Interview with Michael Axelsson
Opening the Mobile World Congress 2024, Ericsson affirmed its ambition to put network relevance at the centre of digitization. In the next five to ten years, we will see an acceleration of some major trends, from energy transition to AI. The change taking place will result in new high-performance use cases of the network, which will converge the physical and digital worlds in real time: we are talking about the digital twin, but also remotely guided drones beyond the pilot’s view. Ericsson brought various use cases of its 5G applications to Barcelona, for example, TV production, which exploits streaming with almost non-existent latencies, to Toyota’s innovations, which open the door to the future of self-driving cars, thanks to artificial intelligence. This will place new demands on networks: ubiquitous coverage with high-performance, flexible, and programmable networks will be needed.

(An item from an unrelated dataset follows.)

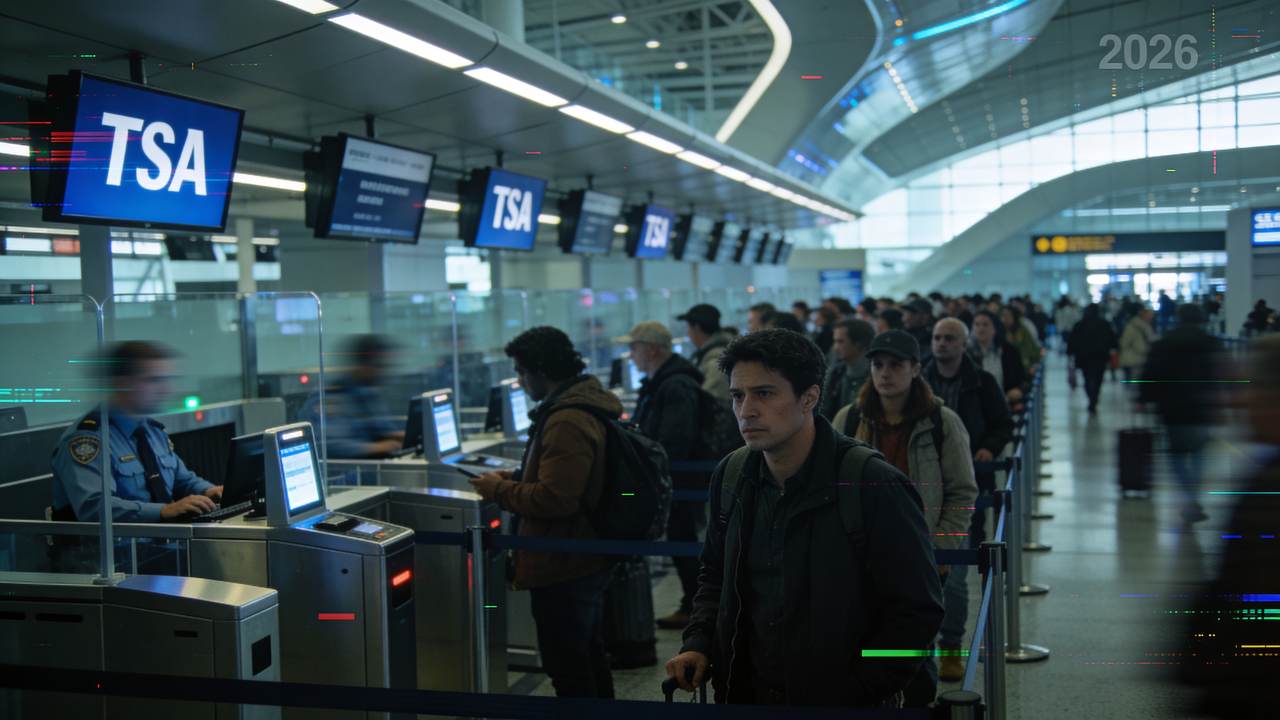 TSA Agents Are Quitting in Droves Inside the Airport Chaos of the 2026 Government Shutdown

We are entering a new era in which 5G plays an important role because it offers new capabilities in terms of speed, latency, quality of service, and localization. All of this will be used concretely for the digitization of businesses. Ericsson said that the characteristics and capabilities of 5G, such as speed and latency, are well suited to create the kind of differentiated network experience needed to digitize businesses and harness innovation. Capacity alone is not enough. The outcome also depends on how we expose and make functionality available to the network user. This is where network APIs come in, enabling mobile networks and applications to communicate with each other in a standardized way. By exposing and monetizing these network APIs, Ericsson wants to create a new monetization model for creating new applications, exploiting the network’s capabilities.